The feeling has become mutual, with Fangio saying, “We're a lot alike in some ways. He's fun to be around and enjoyable. I enjoy our conversations, and I enjoy the person.” And there are few in the Broncos locker room who don’t enjoy the person Bridgewater is.
In his five months in Denver, it’s clear he’s well-received by his teammates and has taken on an important leadership role. That’s not to say Lock wasn’t or still isn’t a leader, but there’s something to be said for Bridgewater’s experience and veteran leadership in a young locker room.
“He’s got that quiet confidence,” said Paton, who was hired in January from the Vikings. “He’s cool, and I think he’s got that ‘it’. He doesn’t have to try to be a leader, but people gravitate to him. I mean we all do — I gravitate to him. You like having him around and you see him in the huddle. We’re young on offense. We’re still young. (Jerry) Jeudy is 22, (KJ) Hamler is 22, a second-year center (Lloyd Cushenberry). For someone like Teddy, I think he can stabilize this offense because I think this offense is really talented.”
Bridgewater describes his leadership style as “not a screamer.” He’s not a “rah-rah” guy who is going to give an inspirational speech, but instead someone who connects with each of his teammates off the field — he’s already started taking the offensive line out to steak dinners.
And that’s not new. Bridgewater has been that way his entire career, from Miami Northwestern to Louisville to every team he’s played for in the NFL.
“He’s a guy that really owns a locker room when he steps in it, with his personality, with his ability to connect with all different types of people from all different backgrounds,” Stein said. “He’s the ultimate team player. And his role, he’s been a starter, he’s been a backup, he’s been injured, he’s been traded. It’s just a credit to him and who he is as a person. He’s been able to handle it. And people love him wherever he goes, it doesn’t matter. He’s just a lovable person.
“Don’t mistake that for not being a competitor, he’s the ultimate competitor. He’s fierce on the field, he’s smart, he’s got all the intangibles and guys really rally behind him. Every team I’ve been on, there’s no one like Teddy in terms of a single person who the team rallies around.”

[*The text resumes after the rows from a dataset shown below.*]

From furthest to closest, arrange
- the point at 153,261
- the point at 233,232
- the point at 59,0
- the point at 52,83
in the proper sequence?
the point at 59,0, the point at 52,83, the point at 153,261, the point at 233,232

By all accounts, Bridgewater is a celebrity. He’s just an unassuming one, leading behind the scenes where he’s beloved by his teammates and by those who have guided him on his football journey.

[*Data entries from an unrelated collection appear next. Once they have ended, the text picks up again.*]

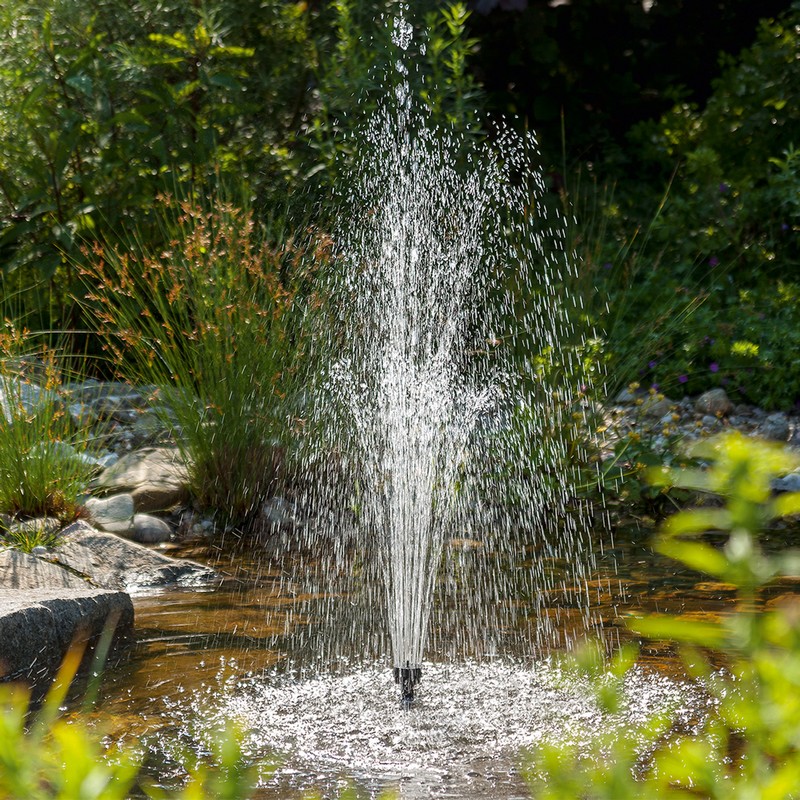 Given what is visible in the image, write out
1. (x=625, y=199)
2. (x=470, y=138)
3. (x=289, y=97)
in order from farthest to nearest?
(x=625, y=199) < (x=289, y=97) < (x=470, y=138)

The Broncos hope Bridgewater can continue to be that leader and competitor in 2021. Beyond that? It’s unknown what the Broncos’ plans are after this season.
Bridgewater, who has never concerned himself too much with the future, instead focusing on the present, has his sights on not only reviving his career and proving he’s a franchise quarterback but making the Broncos relevant again.

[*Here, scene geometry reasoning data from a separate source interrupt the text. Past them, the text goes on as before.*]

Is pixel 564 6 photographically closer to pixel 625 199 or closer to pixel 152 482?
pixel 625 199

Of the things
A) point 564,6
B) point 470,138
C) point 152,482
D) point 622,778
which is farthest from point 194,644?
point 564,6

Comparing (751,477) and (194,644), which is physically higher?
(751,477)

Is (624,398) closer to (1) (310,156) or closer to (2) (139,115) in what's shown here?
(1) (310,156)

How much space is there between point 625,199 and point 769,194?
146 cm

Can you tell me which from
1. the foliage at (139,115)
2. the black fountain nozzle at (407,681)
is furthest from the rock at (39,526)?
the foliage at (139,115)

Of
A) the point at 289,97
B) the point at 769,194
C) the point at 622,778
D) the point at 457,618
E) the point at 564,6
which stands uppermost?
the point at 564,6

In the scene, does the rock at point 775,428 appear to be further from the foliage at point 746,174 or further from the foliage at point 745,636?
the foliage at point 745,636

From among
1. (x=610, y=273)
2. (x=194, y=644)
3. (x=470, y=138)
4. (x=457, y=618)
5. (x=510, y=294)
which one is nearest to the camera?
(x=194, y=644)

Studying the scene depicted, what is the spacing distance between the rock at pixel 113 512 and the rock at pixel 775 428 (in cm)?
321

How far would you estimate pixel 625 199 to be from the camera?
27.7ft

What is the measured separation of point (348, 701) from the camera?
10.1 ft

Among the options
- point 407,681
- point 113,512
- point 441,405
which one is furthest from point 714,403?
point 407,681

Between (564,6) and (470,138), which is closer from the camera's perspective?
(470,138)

“That's the thing that I love about football, it's the ultimate team sport where you put aside all your personal goals and your egos and you come together for one common goal — that's to win,” Bridgewater said. “You can sense that around here. Everyone wants to win. Everyone has that mindset of whatever it takes. It's not about me, it's not about the next guy. It's about the team, and I love being a part of that.”
As for any advice, Parcells offered the simplest words of encouragement.
“Get your ass in gear,” Parcells said. “It’s go time.”